From: Philippe Verdy (verdy_p@wanadoo.fr)
Date: Mon Aug 27 2007 - 21:54:53 CDT
It seems that regular spaces are sometimes seen as word separators in
Burmese, simply because they are easier to enter and edit correctly (as they
are visible).
Text editors do not always replace automatically the regular space between
two Burmese letters by ZWSP, but this may be automated. Or it may even not
be replaced at all when saving the text, leaving that transformation left
for the time where the text will be used, in which case, the spaces may be
even stripped out completely for rendering...
Well, I suppose the fonts supporting Burmese correctly are so much rare,
that they will certainly contain an explicit mapping for ZWSP, so that
Burmese texts canbe stored directly with ZWSP (using automatic replacement
of SPACE between Burmese letters when saving, and automatic replacement of
ZWSP between Burmese letters by regular SPACE when loading before editing
again).
A Burmese Word processor could use two modes :
* one that eases editing, where ZWSP are made visible like if they were
SPACE instances despite the SPACE bar is allowed and internally inserts a
SPACE that is replaced automatically and internally by a ZWSP between two
Burmese letters. The internal backing buffer will then contain only ZWSP.
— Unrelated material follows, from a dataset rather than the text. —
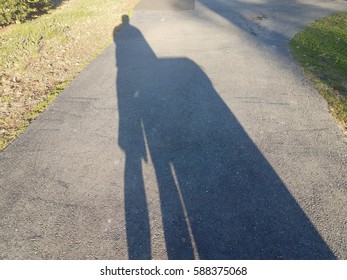 Shadow In Driveway Of Man Taking Out The Garbage Can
* one for the WYZIWYG mode (or "Print Preview" mode), where the same ZWSP
are invisible (but the SPACE bar still works the same way, only the
rendering is different)
* in both modes, the spell checker may automatically signal to the user that
there are some positions in the backing buffer that still contains regular
SPACE (still visible in both modes), and a way to force the input of a
regular SPACE using key sequence like <Ctrl+SPACE bar> even if this is
incorrect (disabling the automatic substitution of the SPACE it generates on
input, and marking this SPACE instance as explicitly desired, using some
out-of-band style instruction if the document is saved in a rich-text
format, this information being lost if the document is saved in plain-text
format only and loaded again where the spellchecker will signal these
spaces).
A plain-text only editor will just use the visible mode on screen, but will
try, when printing, to remove these regular SPACES between Burmese letters
when these's no line-breaking, or replace them by newline markers (this
replacement will not affect the edit backbuffer, only what is sent to the
print processor when preparing the plain-text document for printing).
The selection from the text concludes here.